### PROVIDED INFORMATION
********
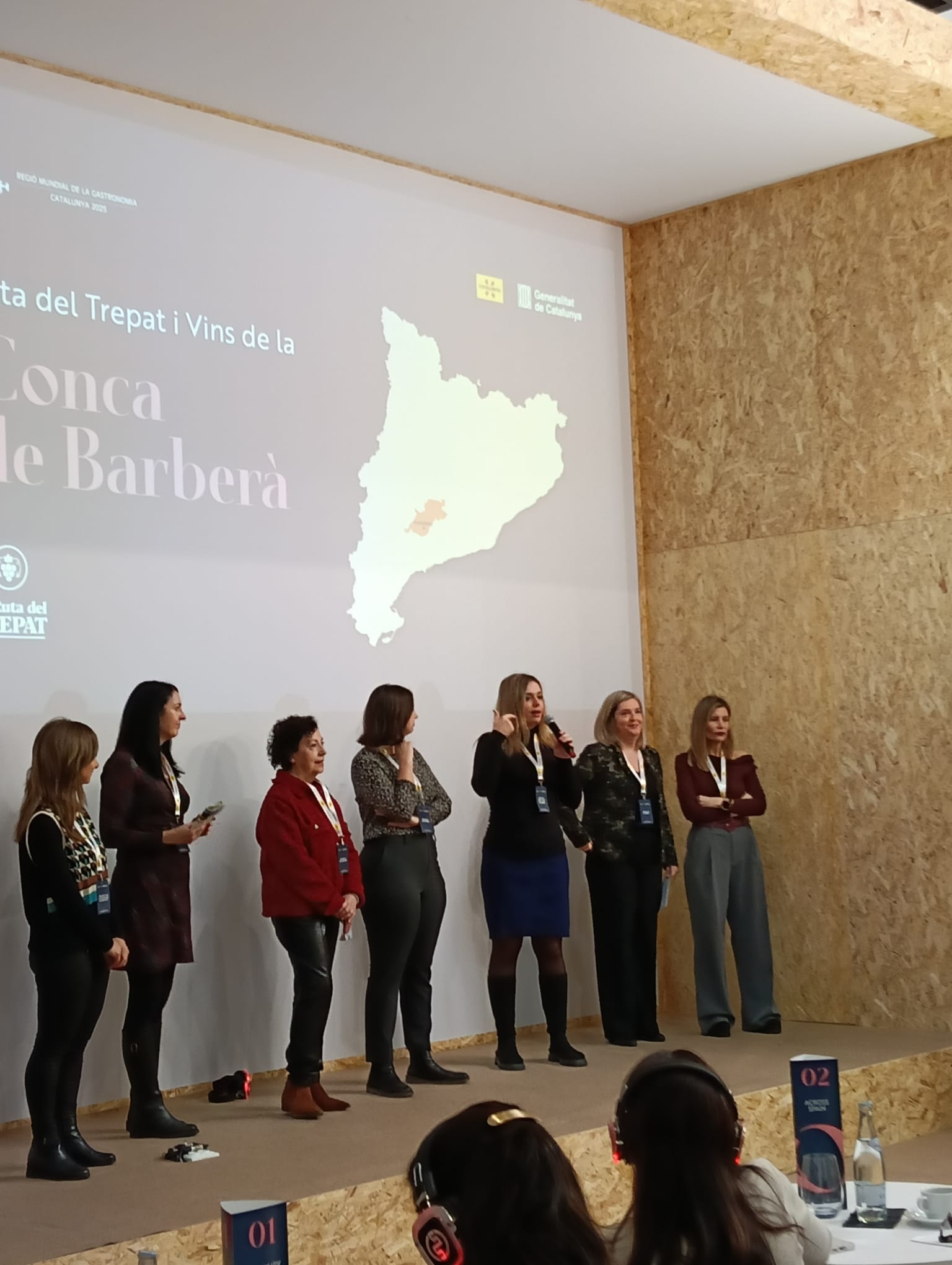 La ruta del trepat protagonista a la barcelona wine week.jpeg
********
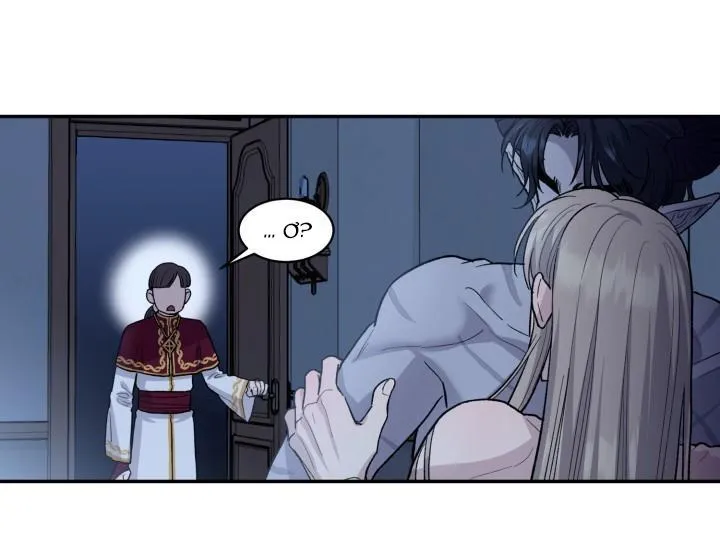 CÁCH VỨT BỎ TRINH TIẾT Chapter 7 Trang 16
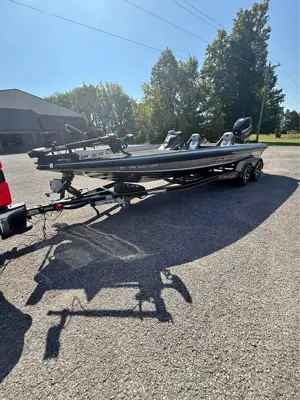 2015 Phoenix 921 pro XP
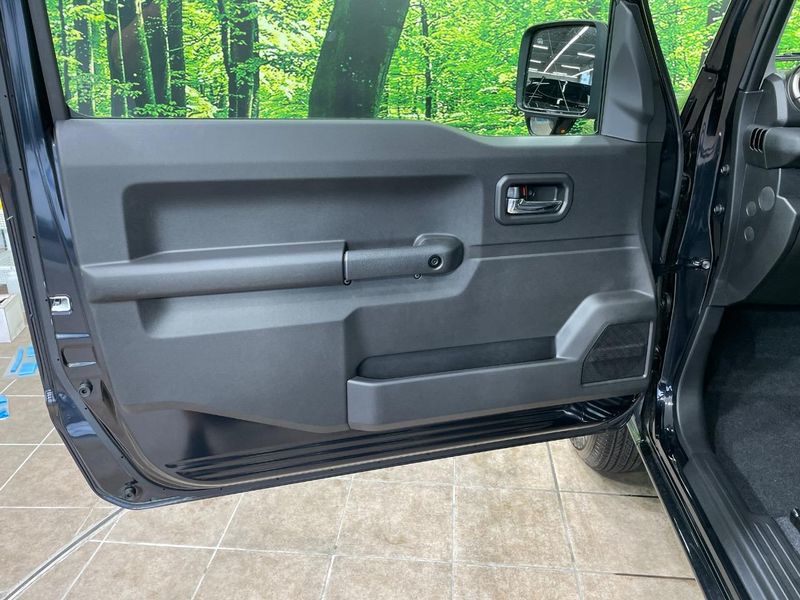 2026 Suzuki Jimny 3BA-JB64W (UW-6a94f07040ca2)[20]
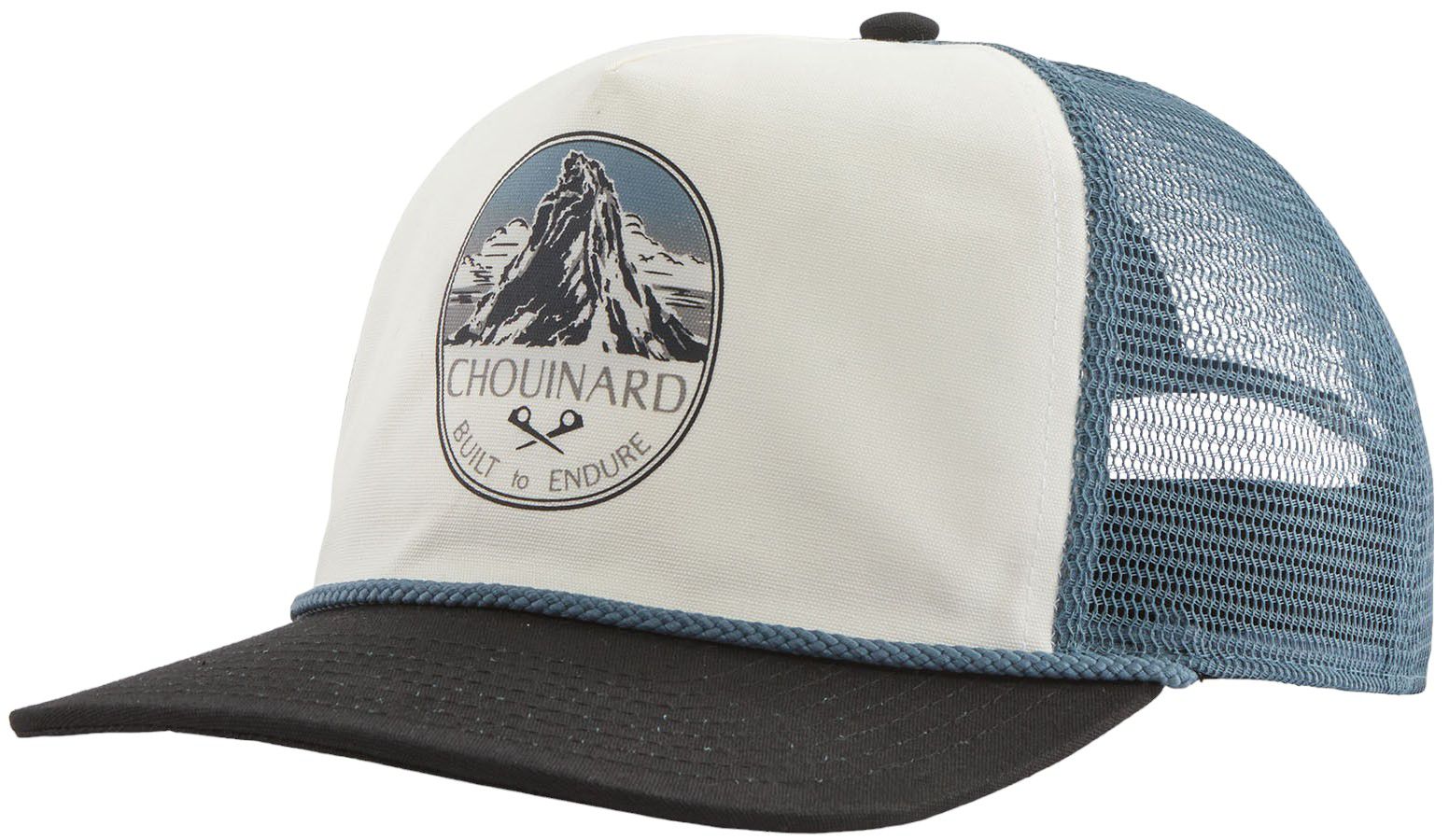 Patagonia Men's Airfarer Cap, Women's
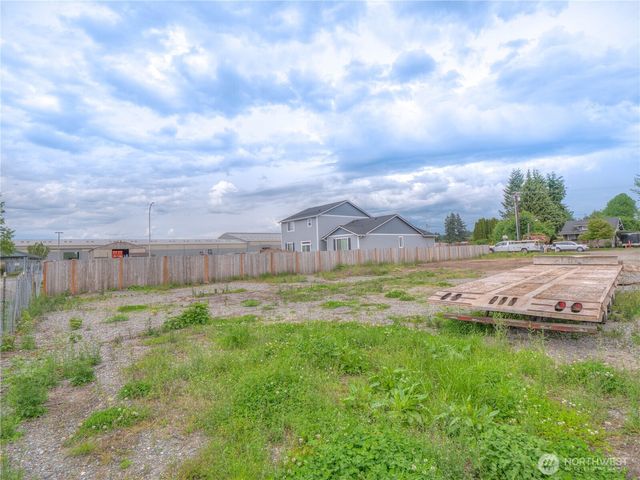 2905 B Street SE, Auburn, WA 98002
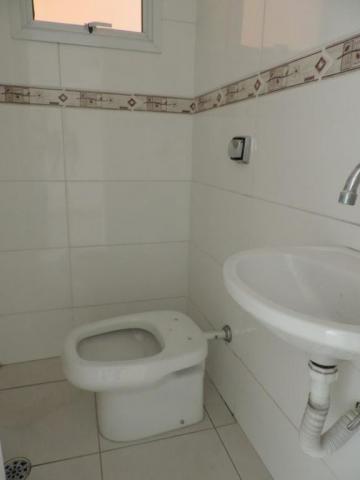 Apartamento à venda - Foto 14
********
Starting at the line above that has "Patagonia Men's Airfarer Cap, Women's" and ending at the line that has "Apartamento à venda - Foto 14", copy each line exactly, leaving the pictures out and adding nothing.

### ANSWER AREA
 Patagonia Men's Airfarer Cap, Women's
 2905 B Street SE, Auburn, WA 98002
 Apartamento à venda - Foto 14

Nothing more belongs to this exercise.